RANDY SPORTAK -- Calgary Sun

, Last Updated: 8:27 AM ET

Good to see Hockey Canada went out on a limb. Too bad it was the wrong branch.

Instead of taking a chance on a youngster such as Jason Spezza or Sidney Crosby or even Dion Phaneuf, the powers that be opted to go a different route with their surprise choice for the nation's Olympic team by adding Todd Bertuzzi.

And Kris Draper.

And Adam Foote.

For good reason, Team Canada will be favoured to win a second straight Olympic gold in Turin, Italy, in February.

The squad has great goaltending, depth, experience, skill and savvy. In short, it's a coach's dream come true.

But the crew led by Wayne Gretzky, Kevin Lowe and Steve Tambellini could have done better.

This may be altruistic thinking but the Olympic ideal is about more than just gold medals. It's about what sports are supposed to stand for -- and sportsmanship is among those ideals .

Canadian hockey should be secure enough in its status around the world to be able to say no to Bertuzzi for this reason.

The Vancouver forward should be on the sidelines for this tournament for his attack on Colorado Avalanche forward Steve Moore.

But for some reason, the hockey world has yet to make the punishment fit the crime, with his softened suspension ending just in time to attend the Olympic summer camp and new NHL season.

The list of wrong choices doesn't end there.

Sure, Draper deserves kudos for his willingness to step forward when Canada has come calling.

Through his career, he's embodied plenty of what separates Canada from the rest of the world when the puck is dropped, playing the game with passion, determination, speed and grit.

However, selections for this team were supposed to be based on performance this season, too, and the Detroit Red Wings forward hasn't been up to snuff.

The Red Wings may sit atop the Western Conference standings but Draper has contributed only one goal -- he had 24 in 2003-04 -- and is a team-worst minus-6.

We know Draper won't be counted on to provide a ton of offence in Italy but being on the wrong side of the plus-minus ledger has to call into question his defensive game, too.

Crosby or Spezza may be more offensively inclined but their defensive abilities can't be that far off base.
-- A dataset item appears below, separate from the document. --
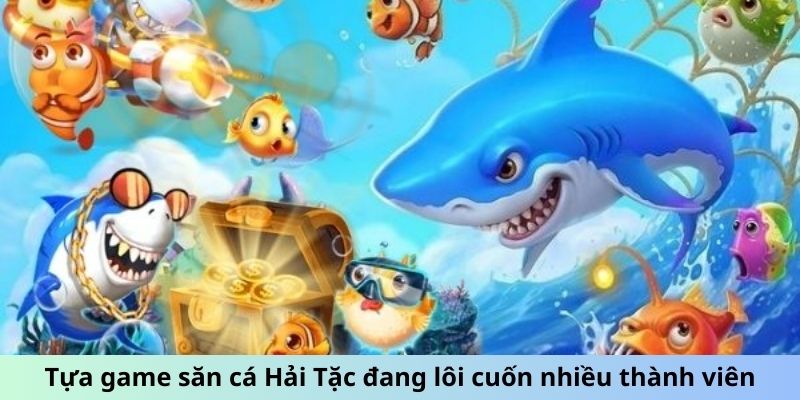 Tựa game săn cá Hải Tặc đang lôi cuốn nhiều thành viên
Besides, the best defence has always been great offence.

Foote's inclusion is even more questionable. Granted, no defenceman would look good on the Columbus Blue Jackets with the way things have gone this season but Foote's game has been well below his standard set while in Colorado.

Team Canada's defence corps has plenty of experience with the likes of Chris Pronger, Rob Blake, Ed Jovanovski and Scott Niedermayer -- all holdovers from the 2002 gold-medal winning side.

And Robyn Regehr is the NHLer in waiting capable of being that top-flight rock-solid rearguard -- with better foot speed, to boot.

Which should allow the decision makers to opt for another direction, such as Bryan McCabe or Chris Phillips, or Dan Boyle.

Canada is still the best bet to win gold in Turin but going with old favourites isn't always the best direction to head.